Description
Several goals have been set at international and European levels regarding the energy and climate change of the planet. According to the European Union, these objectives are well known as the “20-20-20” targets by 2020, which require that 20% of energy consumption is produced from Renewable Energy Sources (RES), a 20% reduction in greenhouse gas emissions and a 20% improvement of energy efficiency. Higher goals are being set for 2030 (27%, 40%, and 30% respectively). This project focuses on the large scale deployment of photovoltaic (PV) systems through improving their grid integration. The driving forces of this ambitious project focus on three issues of critical significance that inhibit the massive deployment of PVs: (a) the variable/insolation-dependent nature of PV generation, (b) the problems associated with massive distributed generation (e.g., grid unbalance, harmonics), and (c) the need to develop appropriate fault ride through (FRT) solutions to allow them to support the grid during faults. It is expected that the project results and products developed will address the challenges and achieve the objectives with regards to the grid interconnection and the large-scale deployment of PV systems as set by the implementation plan of the Solar Europe Industry Initiative (SEII).
The most crucial point with regards to the grid integration of PV systems is the grid side converter (GSC) which is based on power electronic technology. GSCs are still not capable of advanced control features that enable the full control of RES with FRT capabilities, reactive power support, and generation control. The major objective of this project is to develop a next-generation GSC (one for single- and one for three- phase systems) with advanced control and novel operational mode capabilities, which will benefit all stakeholders of PV systems in terms of:
- A seamless integration of PV systems in the power grid
- A further larger scale deployment of PV systems due to the several advantages of the new converters
- Possibilities to extend the GSC technology to other green technologies
- Maximization of the utilization of PV systems in order to improve the power system operation
- Increase of the incomes/returns from a solar energy investment for a self-sustainable market of PV systems.
The GSCs designed and developed in this project will achieve an improved performance ensuring the proper grid integration of PV systems under any grid conditions.
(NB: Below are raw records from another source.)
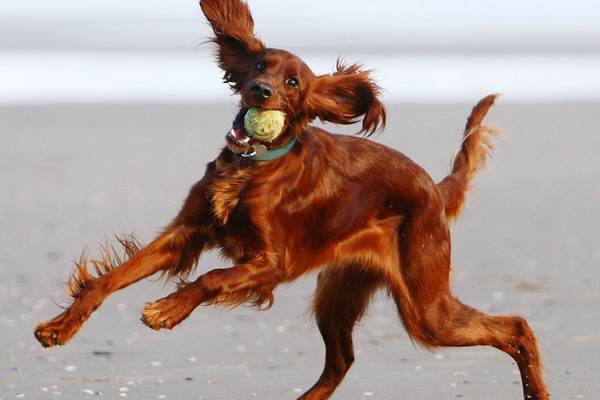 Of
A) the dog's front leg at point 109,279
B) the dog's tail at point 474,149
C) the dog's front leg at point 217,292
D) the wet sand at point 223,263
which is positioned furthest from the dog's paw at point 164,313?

Additionally, the new GSCs will be enhanced with novel operational functionalities that will allow new operating approaches. The new operating modes will contribute to the development of multifunctional industrial products that can be used for the grid integration of several new technologies with emphasis on PV systems. The novel operational functionalities of the GSC will pave the way for a higher penetration of solar energy and will maximize the utilization of PV systems in order to:
- Enhance the value and increase the competiveness of PV systems
- Maximize the income of a solar project for a self-sustainable market of PV systems,
- Enhance the stability and reliability of power systems
- Improve the power quality and minimize the power losses of Distribution Networks (DN).
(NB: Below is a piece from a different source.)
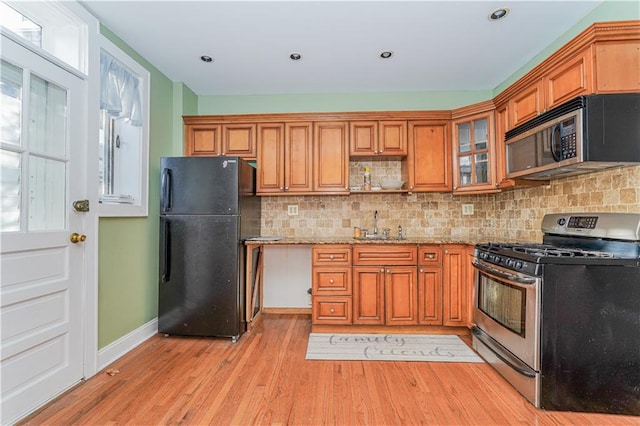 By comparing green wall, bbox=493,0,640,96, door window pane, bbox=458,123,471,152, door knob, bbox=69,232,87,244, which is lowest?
door knob, bbox=69,232,87,244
The project will clearly benefit the PV industry, the power system operator at distribution and transmission level, the investors on PV systems, the electricity consumer, and the environment. A cost-effective and smooth integration of considerably more PV systems will be achieved.
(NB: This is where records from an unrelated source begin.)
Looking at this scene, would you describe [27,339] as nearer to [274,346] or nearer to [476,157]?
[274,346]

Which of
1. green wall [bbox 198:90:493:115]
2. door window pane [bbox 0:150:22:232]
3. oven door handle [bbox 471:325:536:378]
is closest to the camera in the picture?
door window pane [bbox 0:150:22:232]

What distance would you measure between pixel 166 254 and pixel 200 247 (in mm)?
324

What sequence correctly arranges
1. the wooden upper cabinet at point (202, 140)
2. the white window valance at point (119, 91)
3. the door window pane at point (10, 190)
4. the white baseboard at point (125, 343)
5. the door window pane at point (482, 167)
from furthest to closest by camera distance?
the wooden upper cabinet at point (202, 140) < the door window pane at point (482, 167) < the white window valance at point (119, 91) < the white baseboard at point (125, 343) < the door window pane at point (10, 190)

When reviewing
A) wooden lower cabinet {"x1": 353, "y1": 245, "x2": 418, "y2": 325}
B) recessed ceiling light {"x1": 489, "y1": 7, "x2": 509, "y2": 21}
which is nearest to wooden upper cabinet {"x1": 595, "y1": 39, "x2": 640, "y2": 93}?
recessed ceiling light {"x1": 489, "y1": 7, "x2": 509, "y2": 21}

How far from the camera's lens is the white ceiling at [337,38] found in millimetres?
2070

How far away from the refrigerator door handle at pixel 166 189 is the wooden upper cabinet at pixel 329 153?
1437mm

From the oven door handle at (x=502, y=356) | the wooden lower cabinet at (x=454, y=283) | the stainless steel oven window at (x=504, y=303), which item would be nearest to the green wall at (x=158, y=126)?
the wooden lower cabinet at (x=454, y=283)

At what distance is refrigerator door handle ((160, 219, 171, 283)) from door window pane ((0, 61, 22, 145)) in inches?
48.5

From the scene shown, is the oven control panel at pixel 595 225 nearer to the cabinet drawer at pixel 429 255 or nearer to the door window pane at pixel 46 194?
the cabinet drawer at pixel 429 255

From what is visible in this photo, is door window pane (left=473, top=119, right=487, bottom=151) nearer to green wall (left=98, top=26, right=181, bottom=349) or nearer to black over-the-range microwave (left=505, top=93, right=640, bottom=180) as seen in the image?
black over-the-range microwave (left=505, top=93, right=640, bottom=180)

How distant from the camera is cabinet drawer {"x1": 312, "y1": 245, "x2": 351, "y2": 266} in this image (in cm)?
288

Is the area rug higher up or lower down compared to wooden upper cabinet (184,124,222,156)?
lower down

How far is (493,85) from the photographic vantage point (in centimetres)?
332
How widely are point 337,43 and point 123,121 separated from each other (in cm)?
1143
The successful completion of the project is guaranteed due to world-class/pioneer partners of a balanced and complementary consortium. The partners combine great expertise on the following areas: development of advanced methodologies for GSC, design and reliability of power electronics, and power system operation/power quality/stability and investment on energy market. The result of the project can be used to enable partners to enter into the PV industry by commercializing the results on novel single- and three- phase inverters for PV systems.